* [Exercise directions]
Word for word, return each entry that follows, with every image removed.

* [Given entries]
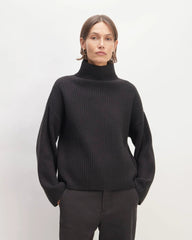 The Felted Merino Funnel-Neck Pullover | Black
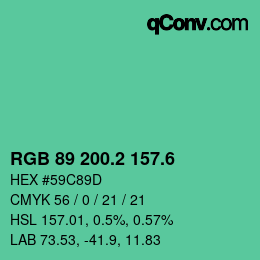カラーコード: RGB 89 200.2 157.6 | qconv.com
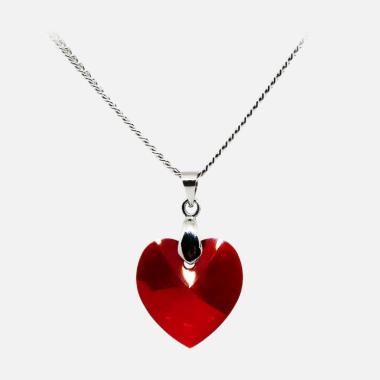 Swarovski Love Pendant Kalung Liontin - Merah [Siam]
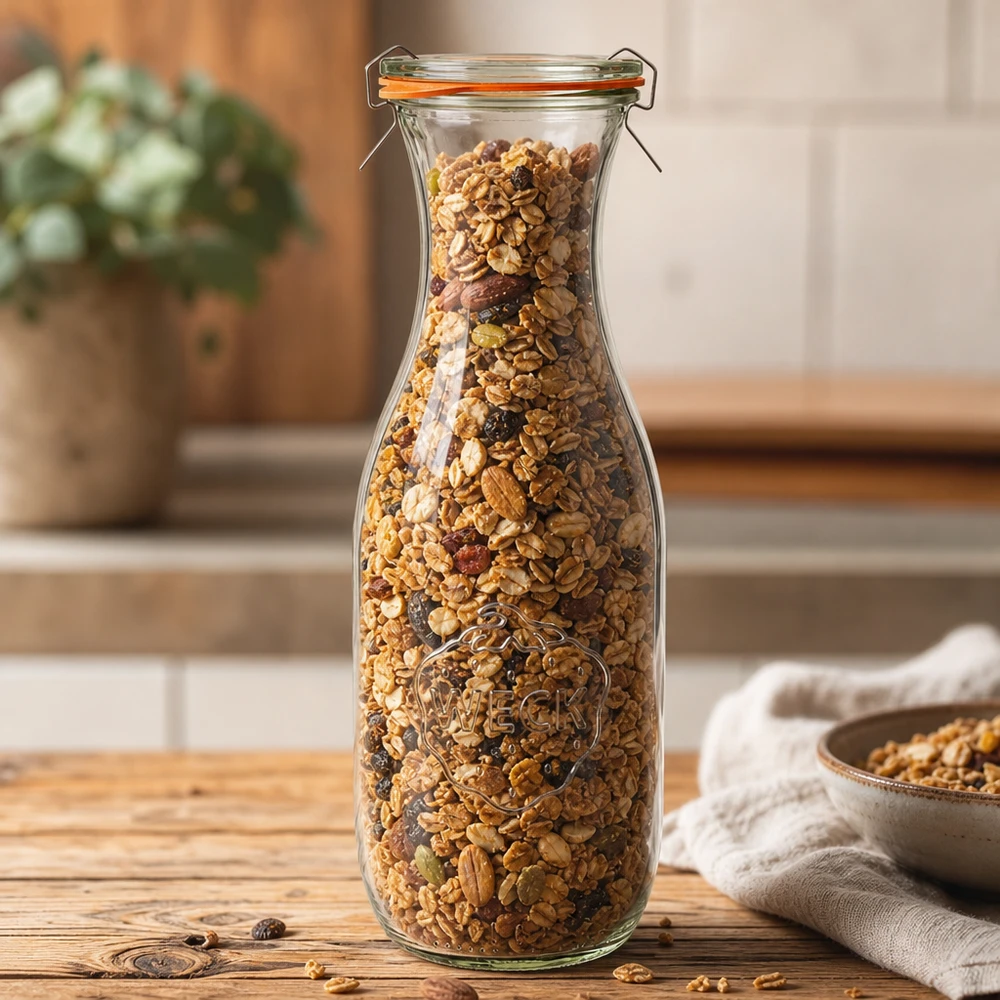 1062 ml sapfles, compleet WECK RR60 WECK sapfles 1062ml RR60 gevuld met muesli noten gepresenteerd als voorraadpot in een warme keukensfeer
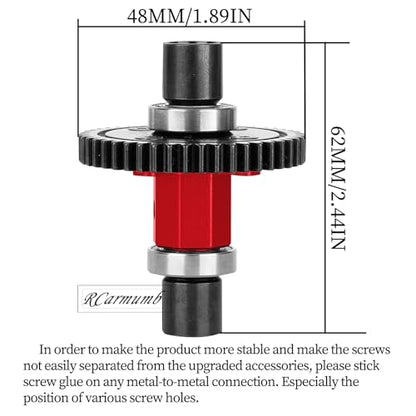 52T Upgrade Part for 1/8 Sledge Center Diff to Straight Shaft,RCarmumb Medium Carbon Steel & Aluminum Heavy Duty Center Differential Spur Gear Shaft Replacement for Sledge Monster Truck,Red - color: Red(1set)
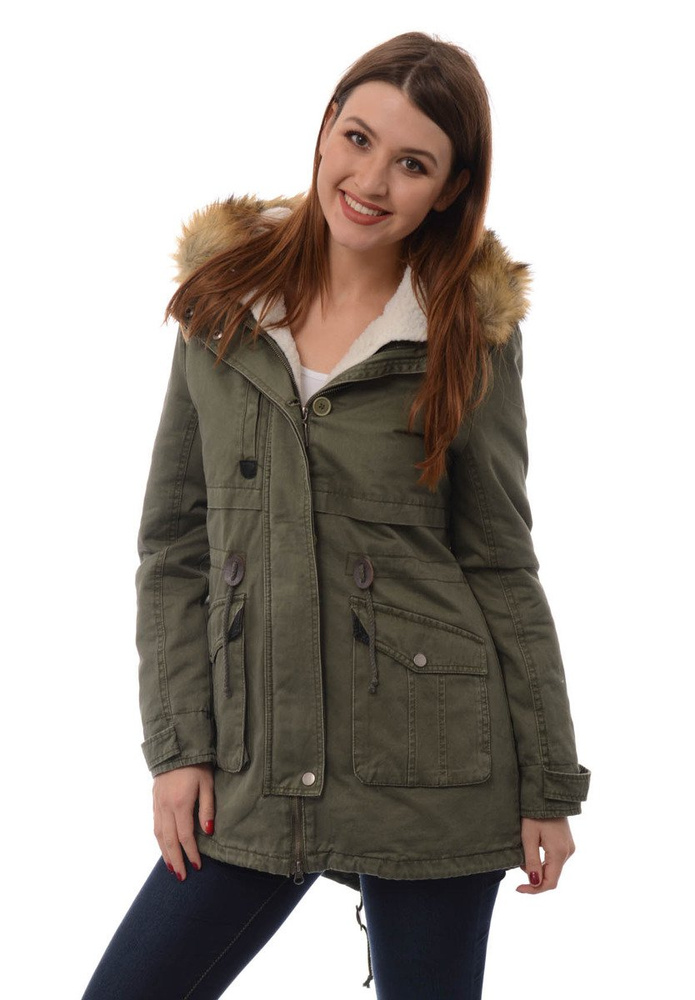 Damska Parka Kurtka Wiosenno Zimowa 2w1 Benita Zielona
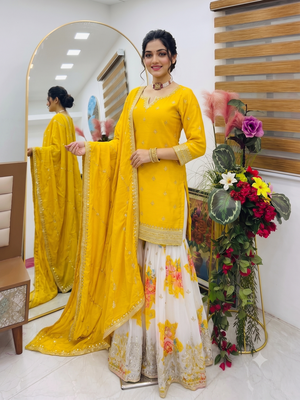 Festive yellow heavy embroidery kurta floral sharara set with border dupatta 1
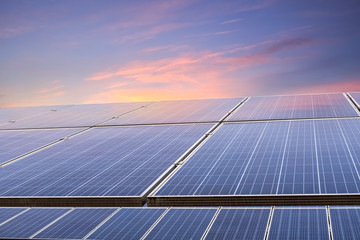 solar energy with sunset glow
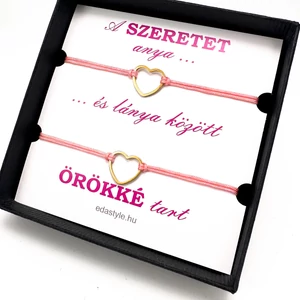 Anya - Lánya zsineg karkötő arany szív medállal Rózsaszín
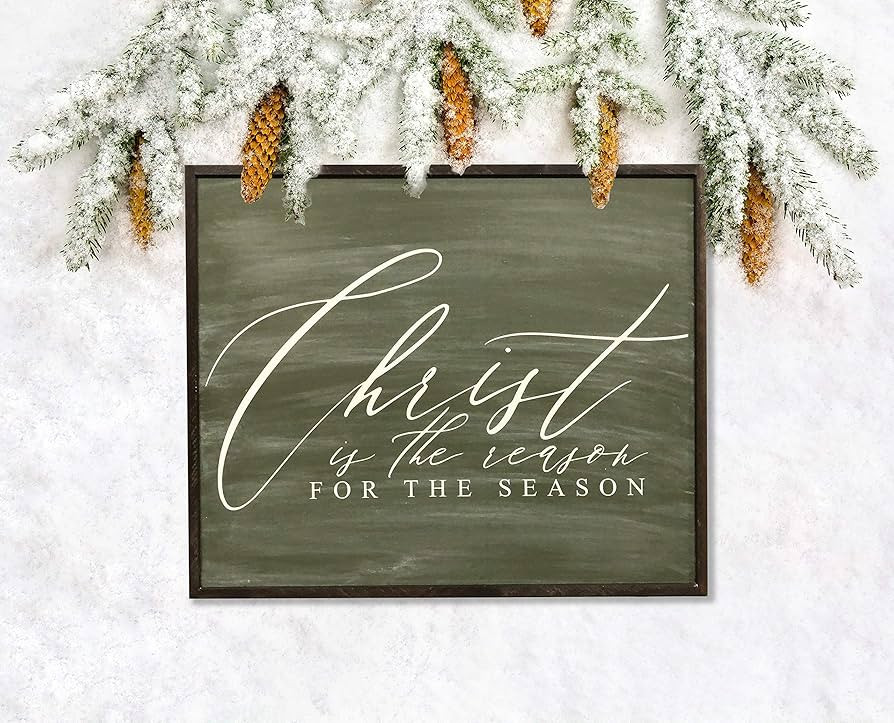 UFunhome Christ is The Reason for The Season Hand Painted Wood Sign Farmhouse Style Rustic | Amazon (US)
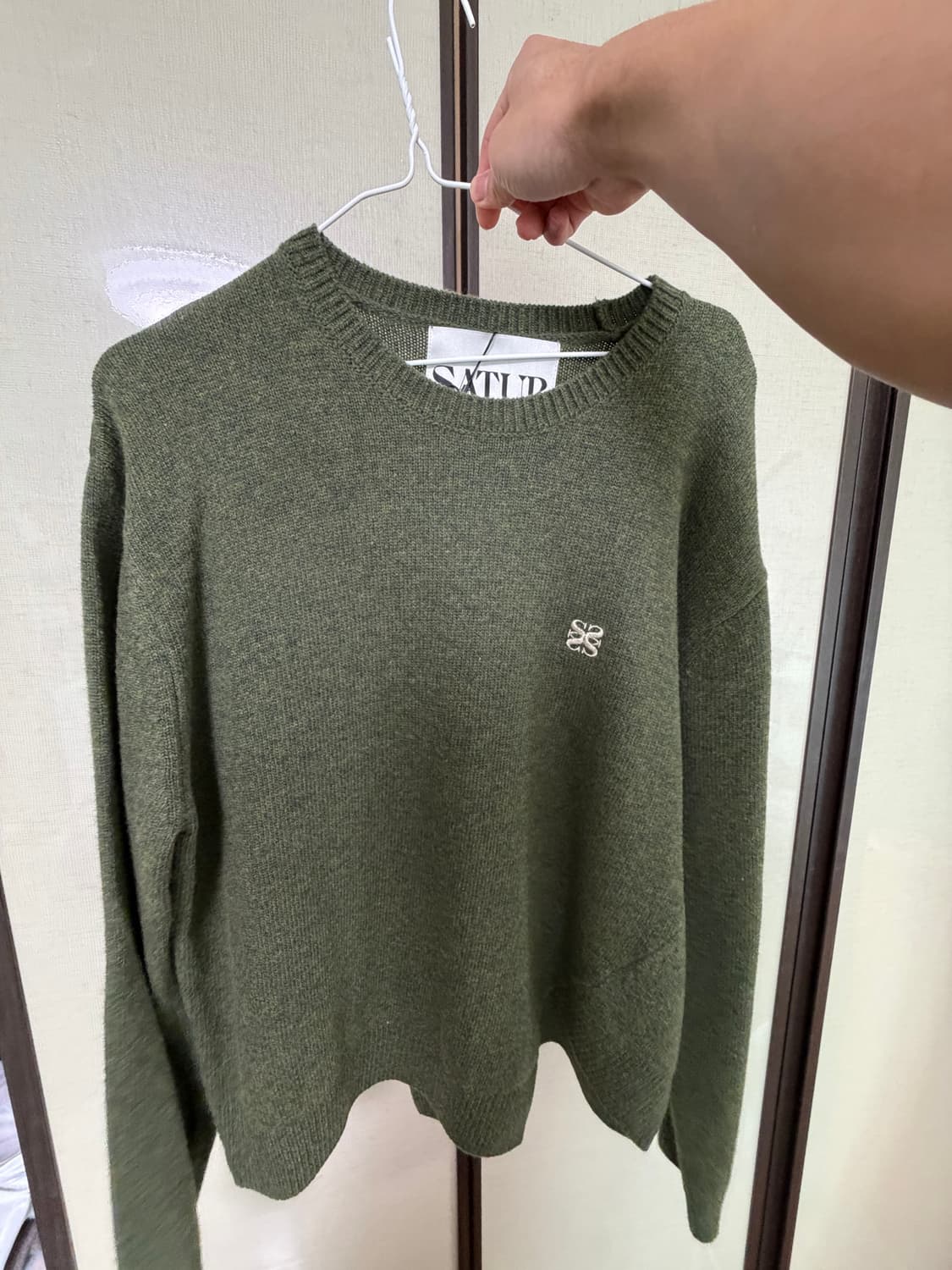 세터 언발란스 니트 올리브 그린 M 상품이미지2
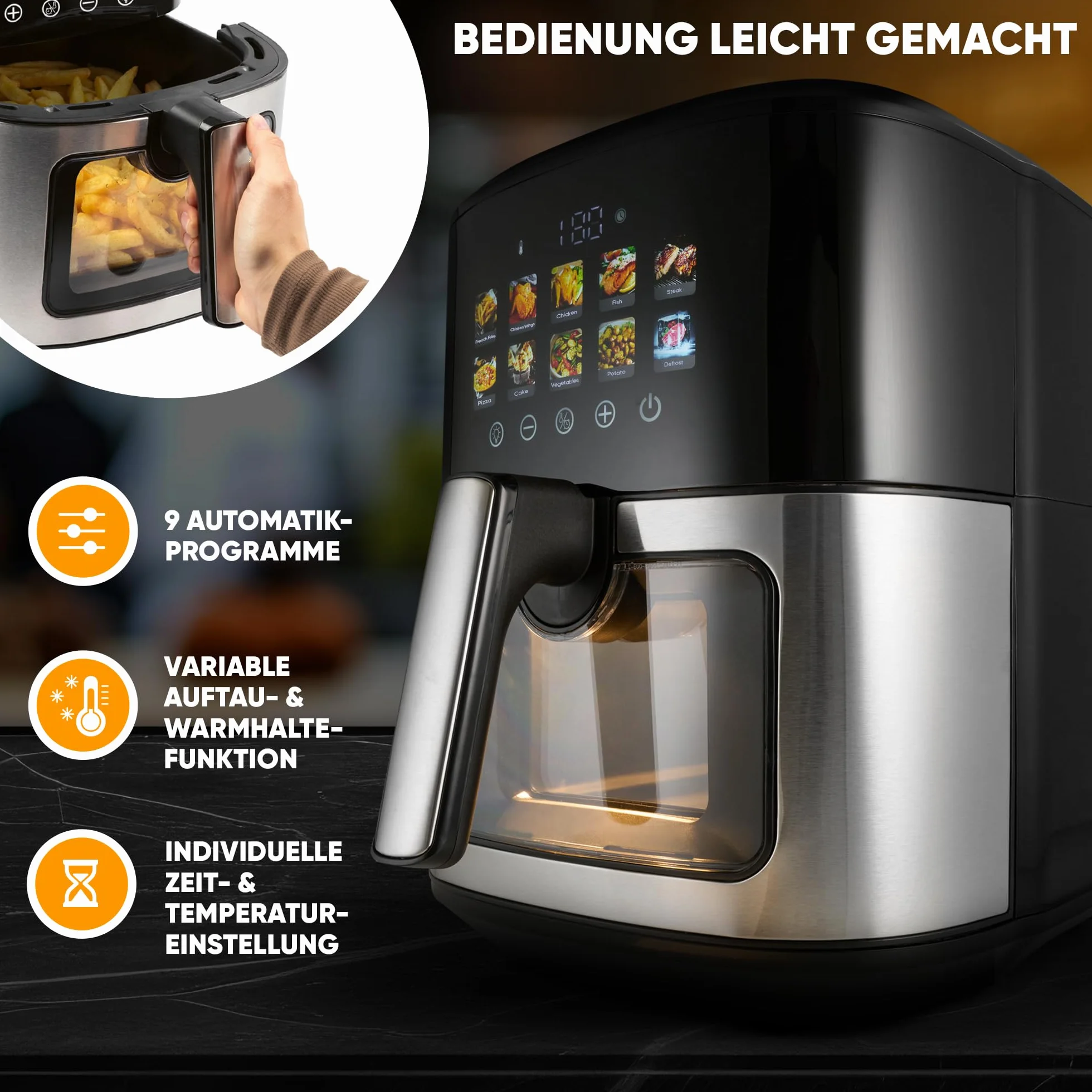 Proficook, Frytownica na gorące powietrze 6,5 l 1700 W PC-FR1286H - ​​Stal nierdzewna, 9 programów automatycznych, Oszczędzanie energii, Automatyczne wyłączanie, Zimny ​​uchwyt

* [Written answer]
 The Felted Merino Funnel-Neck Pullover | Black
カラーコード: RGB 89 200.2 157.6 | qconv.com
 Swarovski Love Pendant Kalung Liontin - Merah [Siam]
 1062 ml sapfles, compleet WECK RR60 WECK sapfles 1062ml RR60 gevuld met muesli noten gepresenteerd als voorraadpot in een warme keukensfeer
 52T Upgrade Part for 1/8 Sledge Center Diff to Straight Shaft,RCarmumb Medium Carbon Steel & Aluminum Heavy Duty Center Differential Spur Gear Shaft Replacement for Sledge Monster Truck,Red - color: Red(1set)
 Damska Parka Kurtka Wiosenno Zimowa 2w1 Benita Zielona
 Festive yellow heavy embroidery kurta floral sharara set with border dupatta 1
 solar energy with sunset glow
 Anya - Lánya zsineg karkötő arany szív medállal Rózsaszín
 UFunhome Christ is The Reason for The Season Hand Painted Wood Sign Farmhouse Style Rustic | Amazon (US)
 세터 언발란스 니트 올리브 그린 M 상품이미지2
 Proficook, Frytownica na gorące powietrze 6,5 l 1700 W PC-FR1286H - ​​Stal nierdzewna, 9 programów automatycznych, Oszczędzanie energii, Automatyczne wyłączanie, Zimny ​​uchwyt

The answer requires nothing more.